It is only productive-capital, and in particular variable-capital, that produces surplus value. The real self-expansion of value occurs in production because the employed labour creates more new value than is required to reproduce the labour-power that is consumed in production. That is why the other forms of capital – interest-bearing capital, and merchant-capital, including money-dealing capital – are subordinated to it. Merchant capital does not produce surplus value, but, by reducing the costs of circulation, increasing the amount of realised profit, claims its right to obtain the average rate of profit, as an integral part of the industrial capital. Interest-bearing capital, like landed property, not only does not produce surplus value, but also does nothing to increase the mass of realised profit. Interest, like rent, is merely a parasitic excrescence that acts to drain surplus value away from productive investment.
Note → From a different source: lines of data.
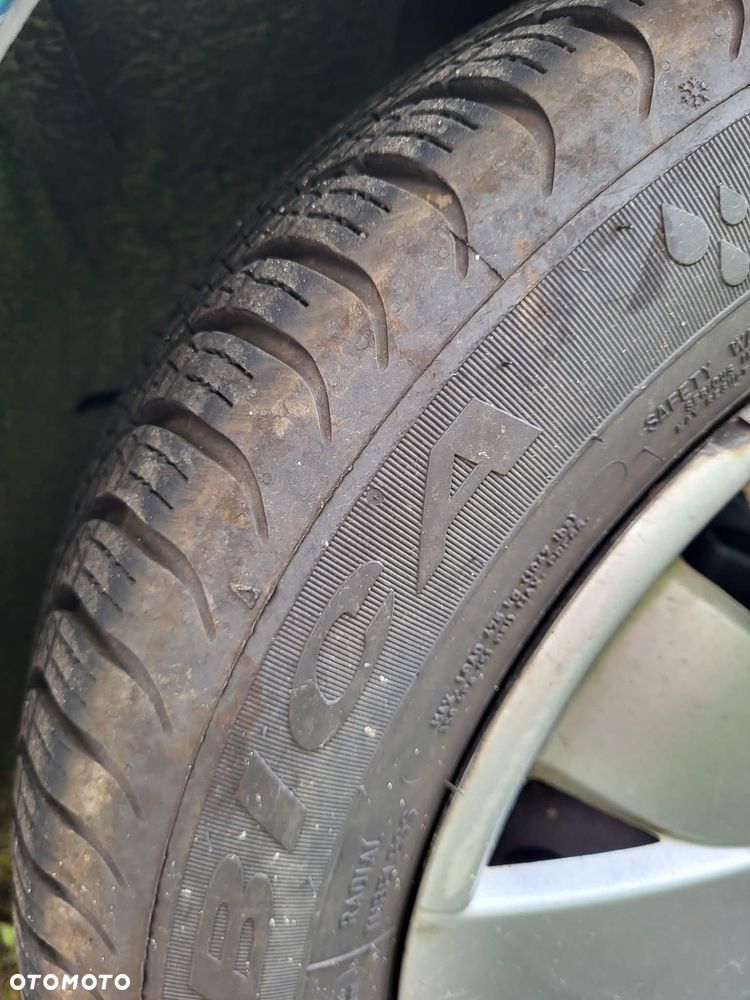 Renault Clio 1.4 16V Expression - 9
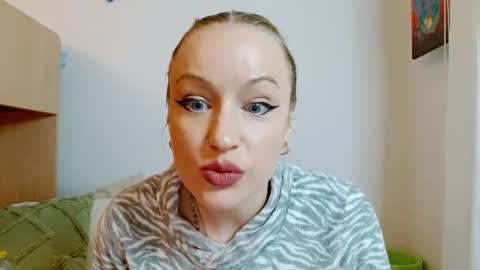 Satinqueen90 online show from 12-15-25, 11:25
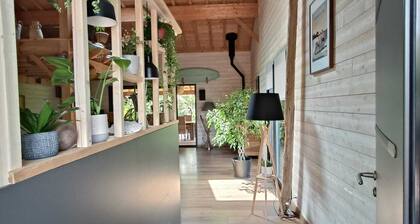 Maison bois paisible dans un écrin de verdure à 10mn de la plage!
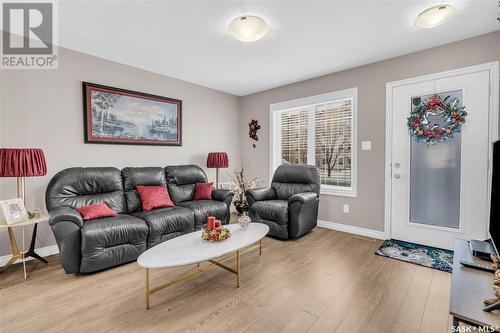 11 4801 Trinity Lane, Regina, SK - Indoor Photo Showing Living Room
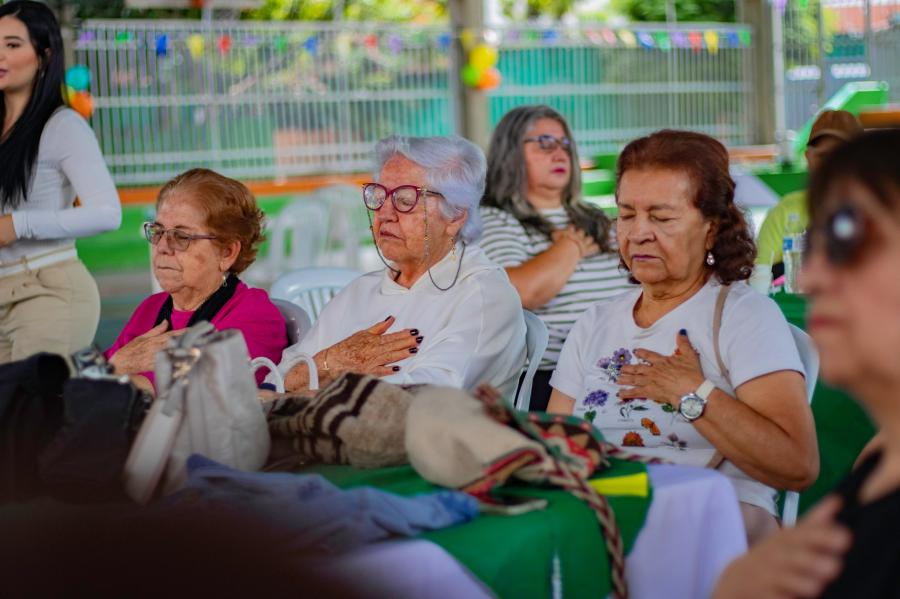 Pasamos una maravillosa maana con nuestros jubilados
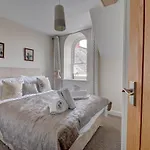Apartment The Old Auction Lot 2 With Private Parking Whitby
The whole point of capitalist production is to increase the physical mass of capital, and thereby the mass of labour employed, so as to increase the mass of surplus value further. It is expressed in the circuit of industrial capital, set out by Marx in Capital II – P... C` - M`. M – C … P. And, more specifically its expanded form,
As Marx says,
“The money form is a transient form in the real process of capital.” (p 466),
which is a repetition of what he says, in Capital III,
“In so far as reproduction obtains on the same scale, every consumed element of constant capital must be replaced in kind by a new specimen of the same kind, if not in quantity and form, then at least in effectiveness.”
(Chapter 49, p 849),
and,
“In the reproduction process of capital, the money-form is but transient – a mere point of transit.”
(Capital III, Chapter 24)
Yet, the superficial appearance is given that the purpose of capital is to increase the mass of money, as at least symbolised by the circuit M – C – M`. But, in its most fetishised form, as interest-bearing capital becomes M – M`.
“This is the quite tangible form of self-expanding value or of money-making money, and at the same time the quite irrational form, the incomprehensible, mystified form.” (p 466)
This is a mirror of what has been seen, also, in relation to commodities. The commodity arises because products are increasingly traded. A product is a use value produced by labour. Every product, thereby, combines use value and value/labour. The value is inevitably individual value, i.e. determined by the labour embodied within it. The more these products become traded, the more this value assumes the form of a social or market value. In other words, if communities A – D each come to trade, say cloth for wine, with community E, then the representatives of E will soon begin to exchange a given quantity of wine for a given quantity of cloth. The producers of cloth will each produce cloth with different individual values, determined by the labour-time that each requires for production. But, as the trade develops, E will exchange a given amount of wine for cloth, at a rate of exchange that represents the average value, or social or market value for cloth.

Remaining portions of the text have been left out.